-- Provided material --
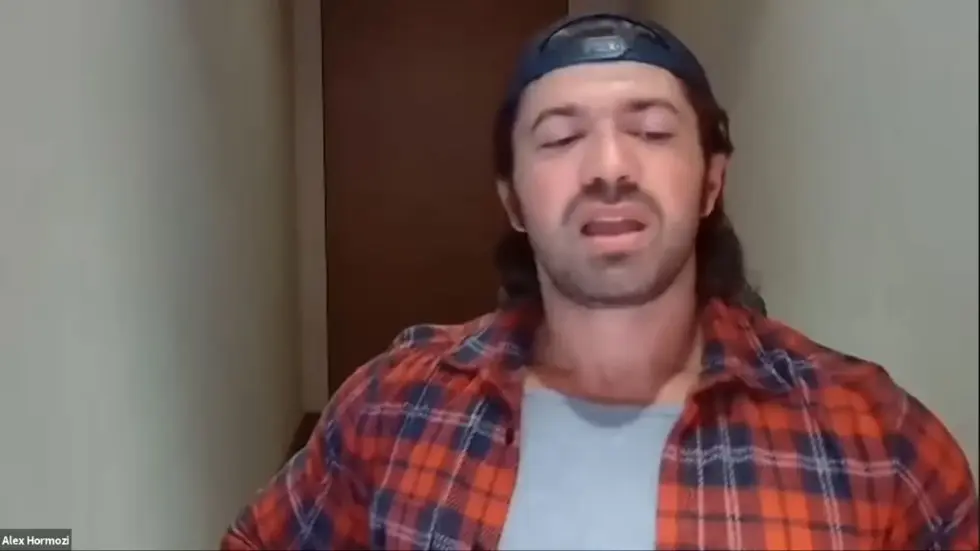 Alex Hormozi: The EXACT FRAMEWORK I used to grow a $46.2M business in 3 years....in 70 minutes 009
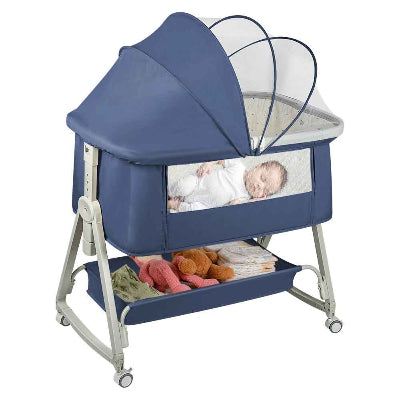 Bebe dormant paisiblement lit cododo evolutif portable bleu ciel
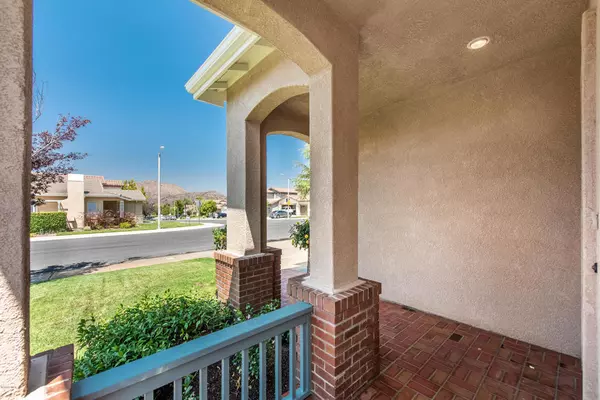 Newbury Park, CA 91320,4460 Camino De La Rosa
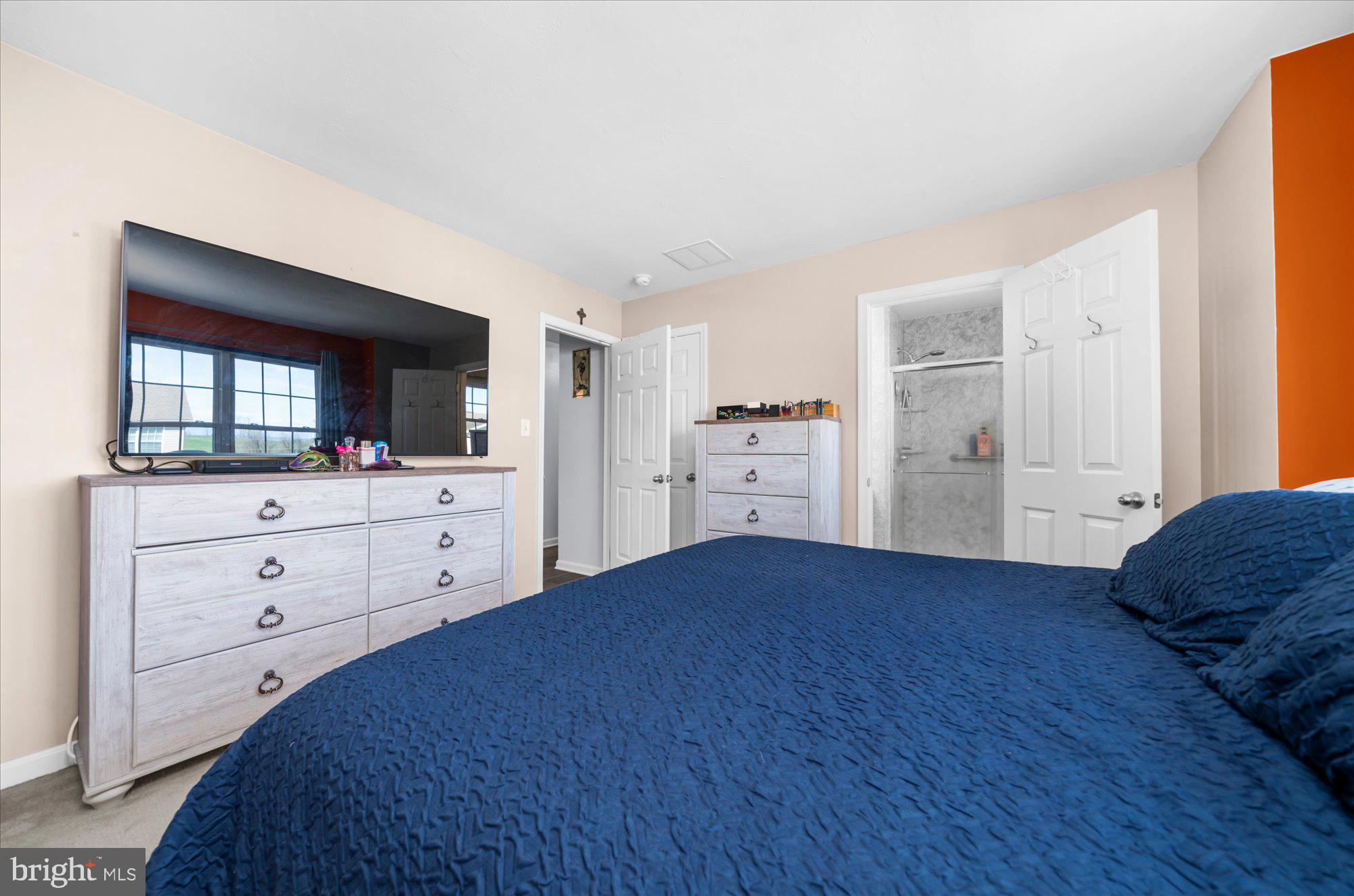 MOUNTAIN SHADOWS - Residential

-- Your assignment --
Every line of the data above should be quoted exactly. Omit the pictures.

-- Answer --
 Alex Hormozi: The EXACT FRAMEWORK I used to grow a $46.2M business in 3 years....in 70 minutes 009
 Bebe dormant paisiblement lit cododo evolutif portable bleu ciel
 Newbury Park, CA 91320,4460 Camino De La Rosa
 MOUNTAIN SHADOWS - Residential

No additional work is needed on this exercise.